Perhaps most visibly, eleven statesincluding the usual suspects, New York, California, and Massachusetts—are in the process of suing President Trump for his deregulation of the environmental standards of consumer products. The Northern Cheyenne people, situated in Montana, are using legal recourse to prevent the President’s use of public land for profit via coal mining (which he does by leasing land in generous contracts that benefit big businesses and exploit taxpayers). Earthjustice and the National Resources Defense Council are suing over the removal of protection of undeveloped waters.

The legal bases for these cases are much stronger than that which would be used to fight states’ pacts. In the 2007 case Massachusetts v EPA, the Roberts court ruled that greenhouse gases (GHG) should be considered potentially detrimental to citizens’ health. The court then ordered the defendant to conduct a review of the threat GHGs pose.

In 2009, under the Obama-appointed head of EPA Lisa P Jackson, the Agency published the “endangerment finding,” which concluded GHGs were a threat to Americans’ health, and thereby obligated the federal government to GHG emissions.

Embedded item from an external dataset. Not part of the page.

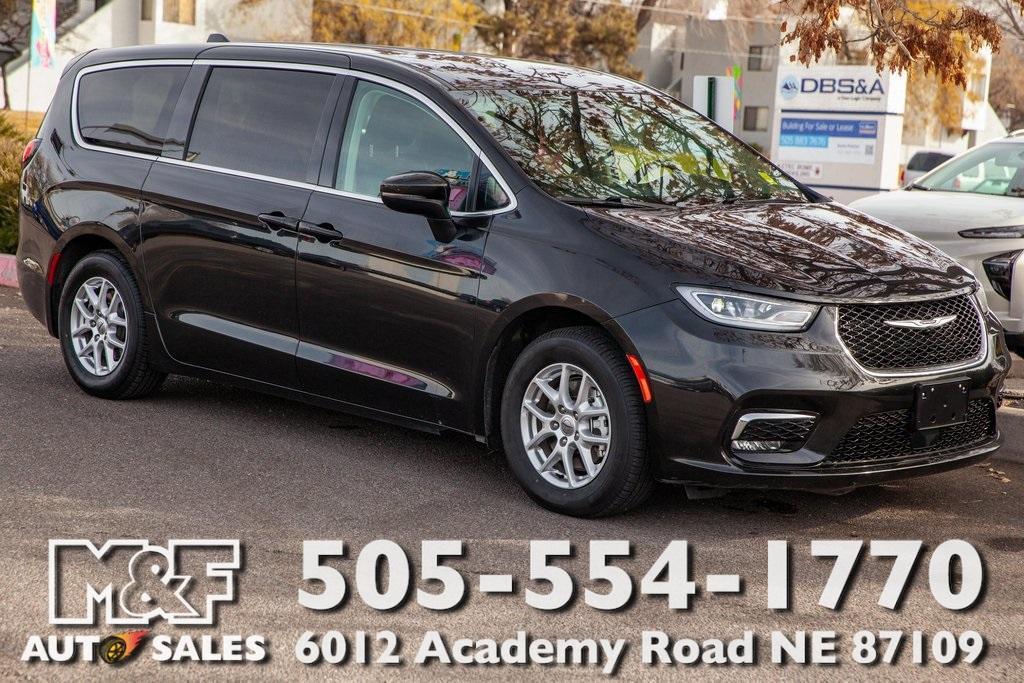 used 2023 Chrysler Pacifica car, priced at $26,950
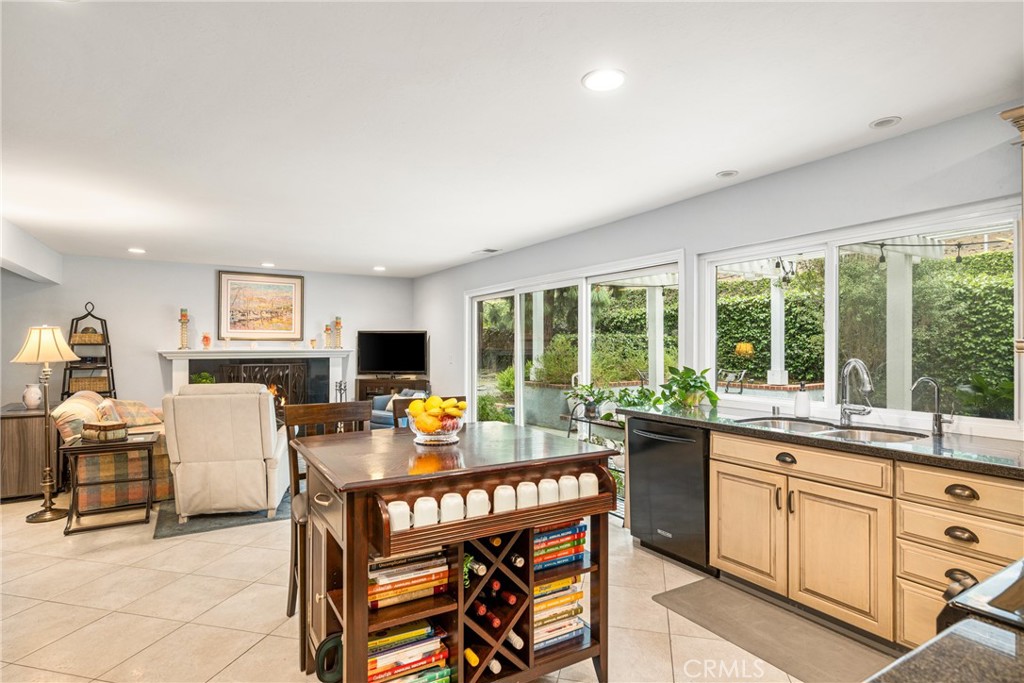 2391 Coco Palm Drive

New York Attorney General Schneiderman has also raised the issues of the Energy Policy and Conservation Act (EPCA) and the Administrative Procedures Act. In an interview with The Politic, the office of Illinois Attorney General Madigan explained that “under the [EPCA], the Department of Energy has a duty to set energy efficiency standards for things like appliances and industrial equipment.”

Romany Webb, climate law fellow at Columbia’s Sabin Center, explained in an interview with The Politic that “the success of [the suits] and how many such actions are brought depends on what the Trump administration does.” Because of the President’s unpredictability, it is nearly impossible to foresee on which bases suits will be brought.

Corroborating Attorney General Schneiderman’s concern about procedure, Webb also commented that “the procedural points could become an issue of challenge” and mentioned a suit could potentially argue the federal government has violated the National Environmental Policy Act.

Partners at the international law firm Hogan Lovells confidently predict that the future of the environment rests in the hands of the the U.S. Supreme Court and the D.C. Circuit Court. Current precedent dictates the federal government’s obligation to protect the environment but, as justices are replaced, precedent may change.

The ultimate goal of all suits in question, brought to the current courts or the next set of justices, is, according to Attorney General Madigan’s office, “to hold the administration accountable for its actions.” Despite all of the alleged “minions” lurking in the federal government, there is an army of independent-minded lawmakers, nonprofits, and ordinary American citizens doing just that.